_INFORMATION_
┌────────

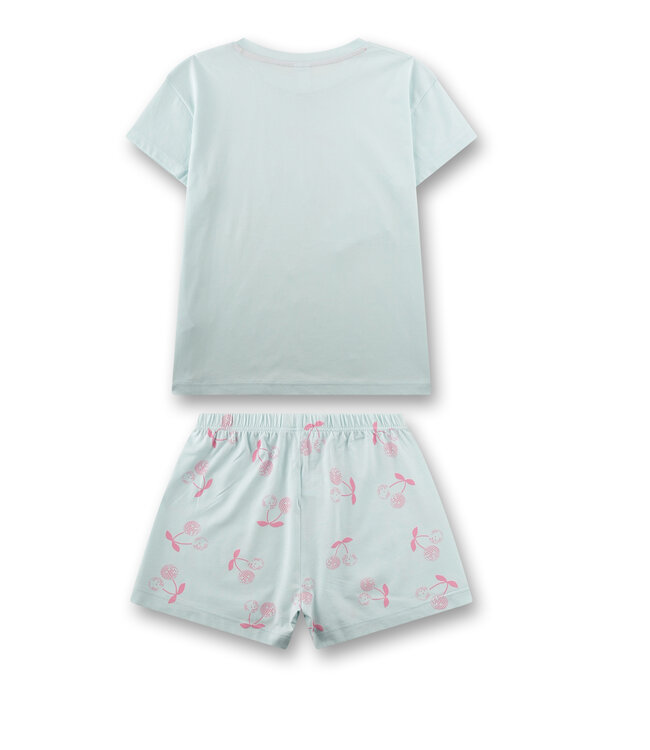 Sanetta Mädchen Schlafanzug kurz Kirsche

└────────
┌────────

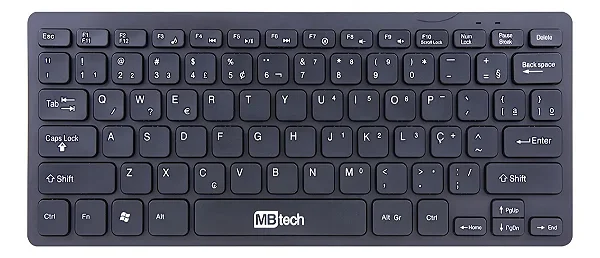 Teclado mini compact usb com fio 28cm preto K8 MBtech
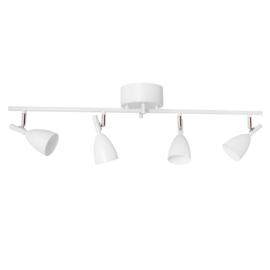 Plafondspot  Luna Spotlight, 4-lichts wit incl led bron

└────────

_WHAT THE TASK ASKS_
Nothing but the lines above from the line with "Teclado mini compact" up to and including the line with "incl led bron" should be returned, exactly as written and without pictures.

_THE ANSWER_
 Teclado mini compact usb com fio 28cm preto K8 MBtech
 Plafondspot  Luna Spotlight, 4-lichts wit incl led bron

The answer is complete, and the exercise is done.